Figure 7 : Schematic representation of a model of the molecular mechanisms by which VEGF promotes VE-cadherin internalization and vascular permeability by VE-cadherin receptor |[beta]|-arrestin-dependent endocytosis (RADE) on the activation of the Vav2|[ndash]|Rac|[ndash]|PAK signalling pathway through VEGFR-2 and Src.

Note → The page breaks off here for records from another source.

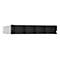 Rack serveur noir avec plusieurs baies, sur fond blanc.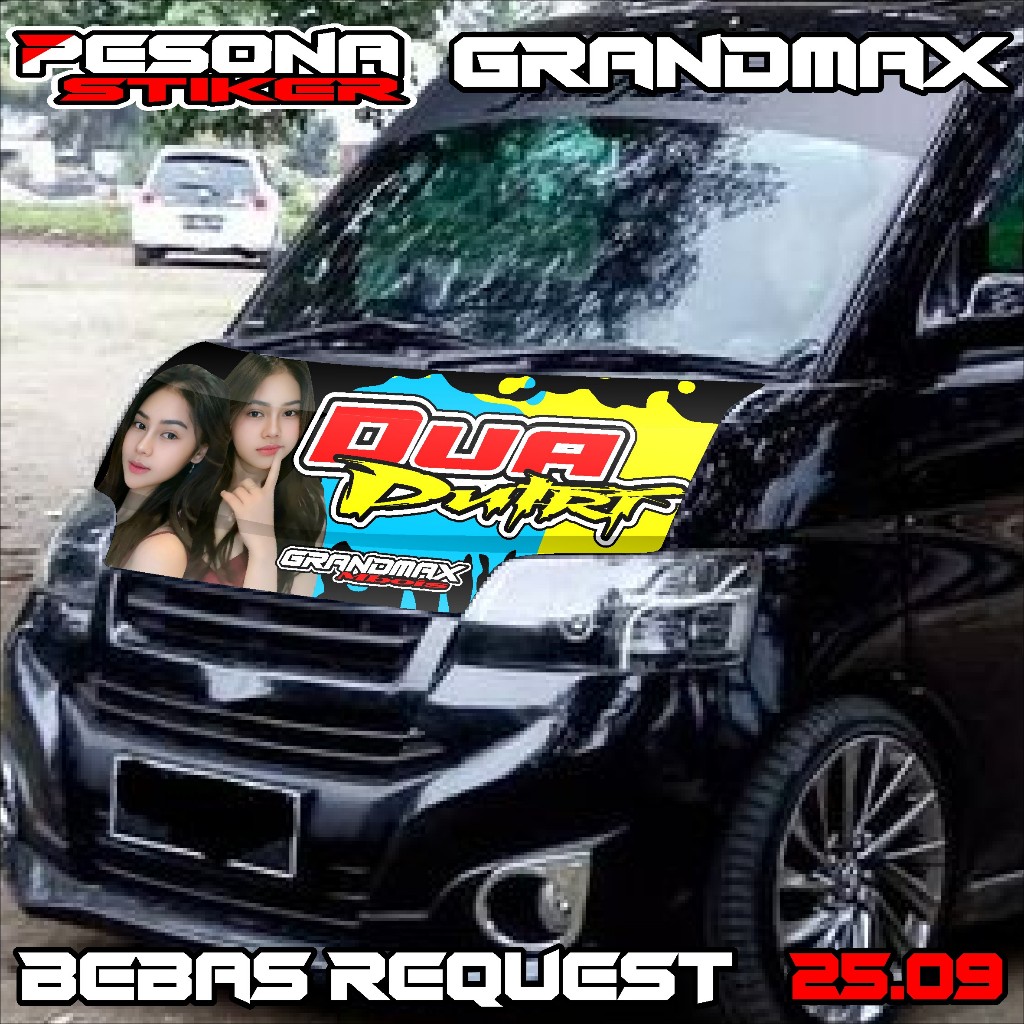 stiker decal kabin depan grandmax stiker dekal kap mesin grandmax bebas custom kd25.09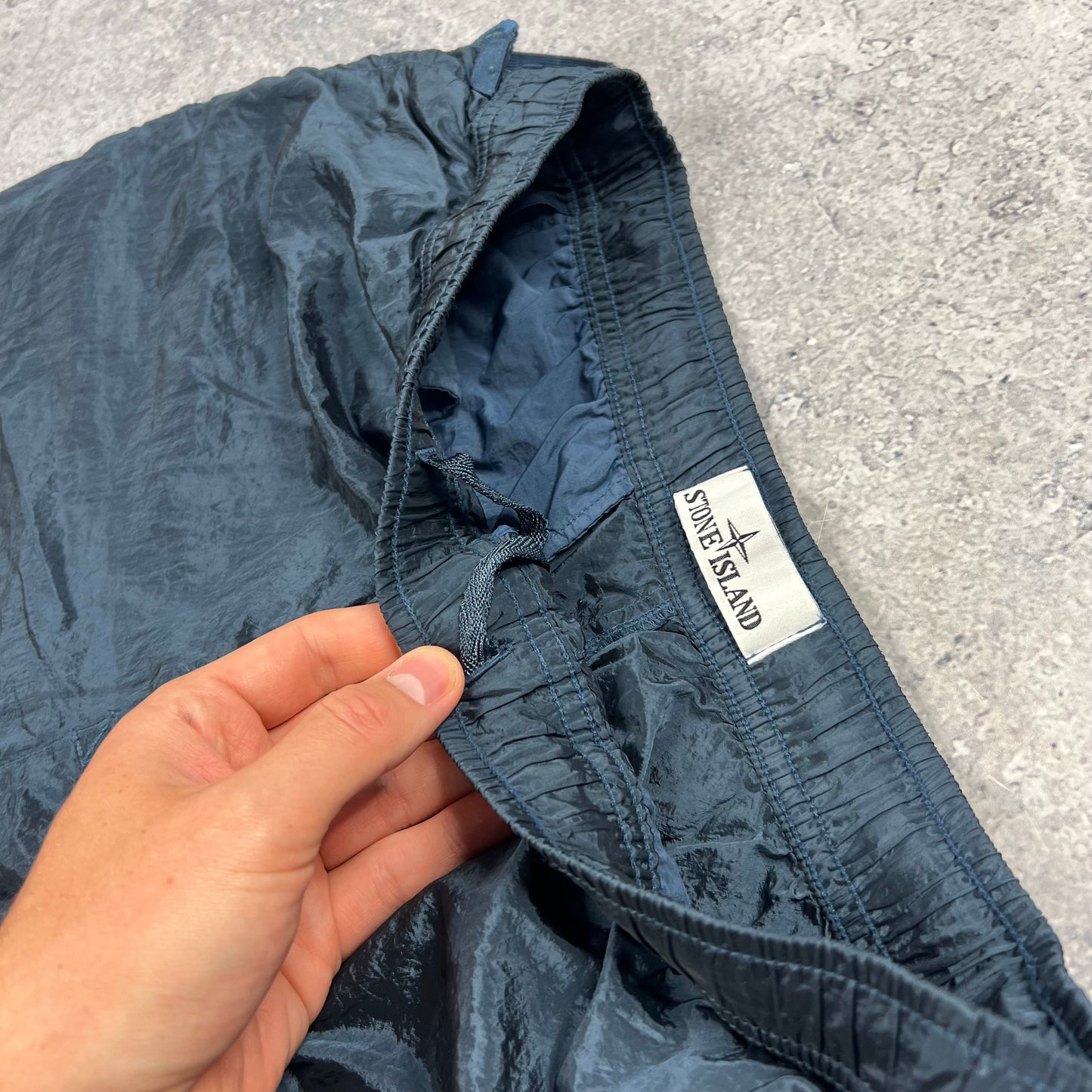 Stone Island Blue Nylon Metal Cargo Shorts W30”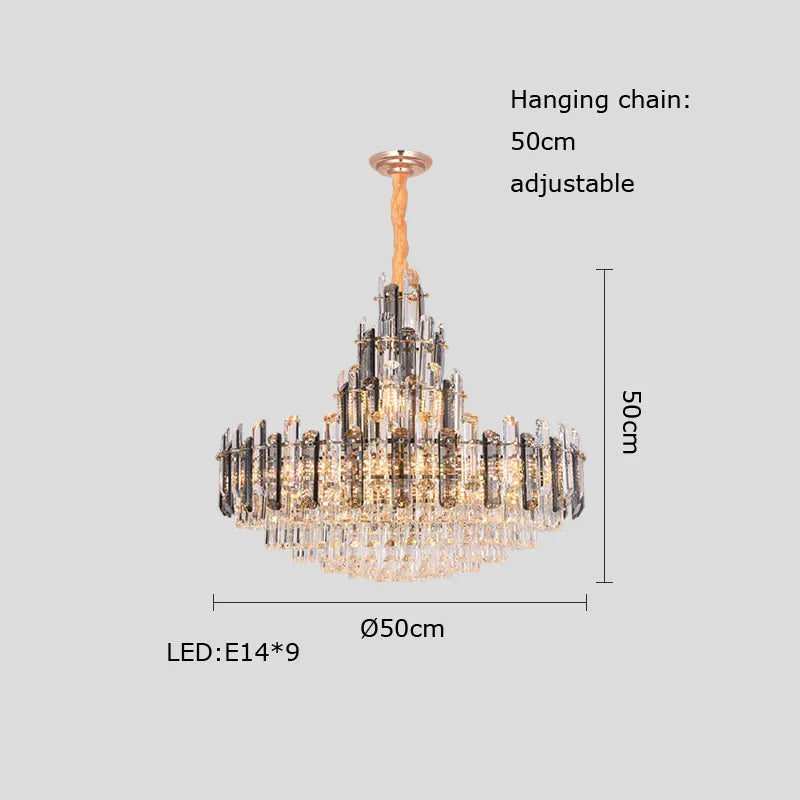 DecorBites™ Dimmable Crystal Chandelier Lighting for Living Room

The endothelial barrier is maintained by the integrity of the adherens junctions through homophilic interactions between VE-cadherin expressed in adjacent endothelial cells and the interaction of VE-cadherin with the actin-based cytoskeleton through catenins. VEGFR-2 associates with VE-cadherin, and when activated by VEGF, this receptor dimerizes and causes the sequential activation of Vav2, Rac and PAK, through Src. This results in the serine phosphorylation of a conserved motif in the cytoplasmic tail of VE-cadherin (SVR 665–667) by PAK, which is likely coordinated with the tyrosine phosphorylation of the VE-cadherin–catenin complexes (dashed arrow) by Src. Serine-phosphorylated VE-cadherin recruits beta-arrestin2, which promotes the consequent internalization of VE-cadherin into clathrin-coated pits. Interestingly, the SVR motif is adjacent to the p120 binding region, which is conserved among all classical cadherins, thus raising the possibility that the association/dissociation of p120 with VE-cadherin may regulate the status of phosphorylation of the SVR motif within the VE-cadherin ICD and/or its interaction with beta-arrestin. This provides also a molecular framework by which tyrosine phosphorylation of p120 and VE-cadherin may contribute to the enhanced permeability caused by VEGF11, 31, 48, 50. Therefore, the tyrosine phosphorylation of VE-cadherin and its associated molecules may be coordinated with the Src-dependent activation of Vav2 and Rac to regulate the dynamic disassembly and reassembly of adherens junctions. This process leads to the disassembly of endothelial-cell junctions, resulting in the enhanced permeability of the blood-vessel wall. Endosomal VE-cadherin may be recycled to the cell surface, thus participating in the dynamic reorganization of adherens junctions during vessel remodelling.

Full size image (35 KB)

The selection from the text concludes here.